Published: June 1, 2006 2:45 PM
I’m surprised Professor Sennholz would claim “The rise of individual and corporate tax payments pushed the Federal budget into an extraordinary surplus for four years, beginning in 1998.’ http://www.publicdebt.treas.gov/opd/opdpenny.htm shows the debt has increased every year for decades. If there were a surplus, the debt should have gone down in those years. Our government has been running deficits every year for decades. I think the last surplus was in the early 1950s.
Published: June 1, 2006 2:46 PM
Reactionary, as much as I would like to agree with you I cannot. The "conservatives", traditionally pro free-market, have demonstrated their complete lack of understanding by supporting the present supposedly "conservative" regime.
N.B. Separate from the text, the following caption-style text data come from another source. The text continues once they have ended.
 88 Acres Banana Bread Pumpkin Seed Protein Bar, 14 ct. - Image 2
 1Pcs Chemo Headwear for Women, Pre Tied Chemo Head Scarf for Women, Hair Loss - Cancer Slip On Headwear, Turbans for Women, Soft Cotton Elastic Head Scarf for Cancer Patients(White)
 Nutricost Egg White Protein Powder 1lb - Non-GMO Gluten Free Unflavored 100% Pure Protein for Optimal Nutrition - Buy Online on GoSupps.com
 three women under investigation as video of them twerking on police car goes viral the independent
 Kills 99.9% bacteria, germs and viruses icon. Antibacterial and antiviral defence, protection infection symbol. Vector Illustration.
Issue politics, abortion, Social Security, the idiocy of "flag burning", the War on Some Drugs, have become so much of the focus of the supposed "conservative" and "liberal", that those who understand what a free market is have become very few and very far inbetween. That's why the two factions of the Party of State Power have taken 90%+ of the every vote in election after election, the few exceptions so rare as to be ranked with school shootings and other statistical noise, with free market candidates consistently left in the 1% and less region.
With crisis come people who promise to "do something" about it. The bigger the crisis, the more the average voter looks to someone to "do something" about it. The fact that "doing anything" about it via government coercion is the antithesis of the free market doesn't enter into the average voters thought processes.
We're doomed.
Published: June 1, 2006 3:59 PM
You guys shouldn't be so pessimistic. If the US was going to collapse because of the idiots running the show, it would have happened just after the 1970s.
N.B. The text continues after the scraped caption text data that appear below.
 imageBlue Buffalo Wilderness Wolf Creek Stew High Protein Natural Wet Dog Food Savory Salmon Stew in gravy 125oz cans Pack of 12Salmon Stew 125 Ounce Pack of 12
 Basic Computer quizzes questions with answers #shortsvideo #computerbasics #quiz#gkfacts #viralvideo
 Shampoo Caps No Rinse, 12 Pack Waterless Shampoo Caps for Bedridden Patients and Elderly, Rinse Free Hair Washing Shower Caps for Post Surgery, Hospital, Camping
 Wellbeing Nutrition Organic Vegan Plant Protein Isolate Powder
Things could be a lot better than they are, sure. But they won't collapse into utter chaos.
I'm a libertarian though, so I see why you are so pessimistic. Things really are very screwed up compared with what could be.
Published: June 1, 2006 11:32 PM
I too have little faith that the popular mob will give up the welfare state. But in all fairness, I renember when Carter threw the economy off the cliff and people voted in Regan. I renember when Clinton tried to go all the way with statisim, and the voters revolted and elected Newt and friends.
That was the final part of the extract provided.